Registrar rapped for failing to transfer UDRP domain

Kevin Murphy, August 20, 2013, 16:55:34 (UTC), Domain Registrars

The domain name registrar Gal Comm has been warned by ICANN that it risks losing its accreditation for failing to transfer a cybersquatted name to Home Depot.

The compliance notice (pdf) concerns the domain name homedpeot.com, which was lost in a UDRP filed in early March and decided on April 21.

According to ICANN, Gal Comm, which has about 30,000 gTLD domains under management, failed to transfer the domain within 10 days of finding out about the decision, as required under the policy.

Whois records compiled by DomainTools show that the domain was instead deleted at in early April, and subsequently re-registered with a different registrar, where it’s currently under dubious-looking privacy.

According to the ICANN compliance notice, Gal Comm says that it deleted the domain because it received a Whois inaccuracy complaint about it.

Assuming that’s correct (and the Whois back in March was blatantly false) we have an interesting tension between policies that seems to have caused a slip-up at the registrar.

But registrars are supposed to lock domains they manage after they become aware of UDRP actions, so allowing the domain to delete seems to be a breach of the policy.

ICANN has given Gal Comm until September 10 to produce its records relating to the domain — and pay past-due accreditation fees — or face possible de-accreditation.

It’s very rare for ICANN to send compliance notices to registrars related to UDRP implementation.

Tagged: , , ,

Comments (1)

  1. John Berryhill says:

    “But registrars are supposed to lock domains they manage after they become aware of UDRP actions, so allowing the domain to delete seems to be a breach of the policy.”

    The UDRP Paragraph 3 states that other requirements remain applicable:

    “We may also cancel, transfer or otherwise make changes to a domain name registration in accordance with the terms of your Registration Agreement or other legal requirements.”

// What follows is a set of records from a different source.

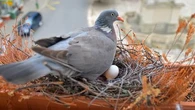 Déplacer ou détruire le nid de pigeon sur votre balcon peut vous coûter cher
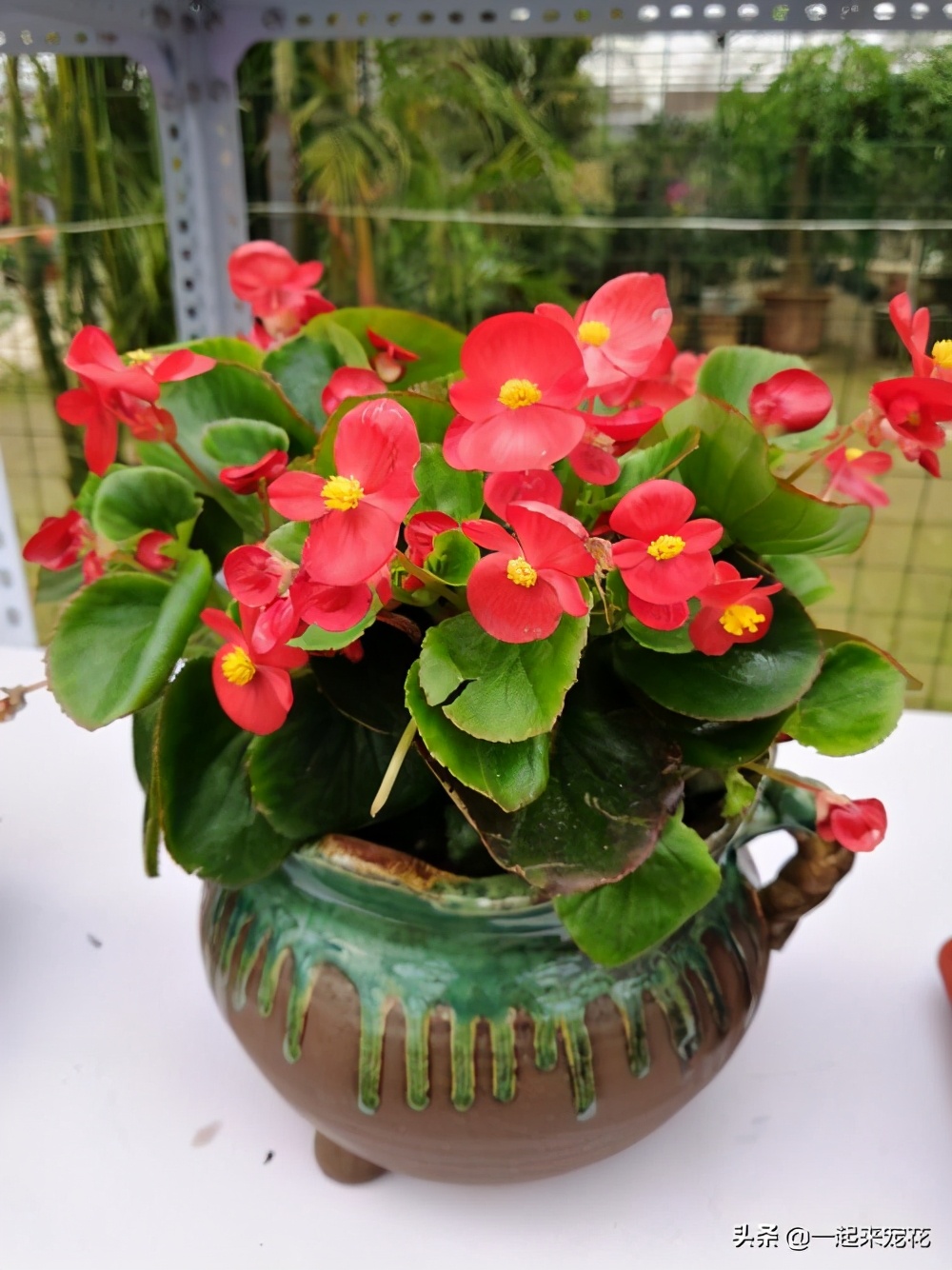 四季海棠开花后的修剪方法图解,四季海棠花开花时候可以扦插吗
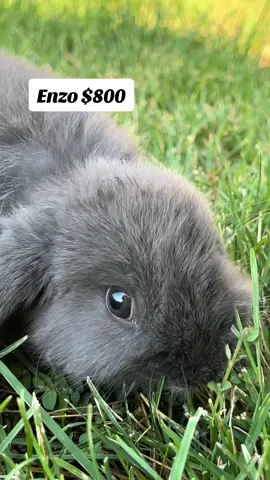 Meet Enzo, our adorable 12-week-old blue Holland Lop who is looking for his forever home! 🐰 This sweet little guy has been domesticated more than most bunnies and has a unique personality that makes him perfect for a home where he is the only bunny. Enzo doesn’t understand pack mentality or dominance, so he’ll thrive in a loving environment where he can be spoiled and given plenty of attention. Enzo is like a bunny dog—he loves to be held, go on errands, and be your constant companion. He needs the same kind of attention, stimulation, and care that a dog does, so he’s not a bunny that can be left alone for hours at a time. An ideal home for Enzo would be with someone who works from home or spends a lot of time around the house and can provide him with free-roam space and outdoor time. If you’re interested in adopting Enzo, please note that delivery is available for $600. However, preference will be given to those who can come pick him up. We are more than happy to meet you at the airport at any time, but ideally, preference will be given to those who can provide Enzo with his own transportation. If you’re looking for a best friend who will love you unconditionally and keep you company all day, Enzo is your perfect match! 🏡💖 If you are interested, go to our website and put in an adoption application for ENZO.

    Unfortunately, the UDRP does not, by its own terms, over-ride any other requirements bearing on a domain name.

    While, obviously, the administrative choice made by the registrar here was a poor one, ICANN could send them a breach notice for not following the WHOIS accuracy policy, had the registrar made the other decision, because the two policies were telling the registrar to do two different things. Clearly, it was Schroedinger’s domain name.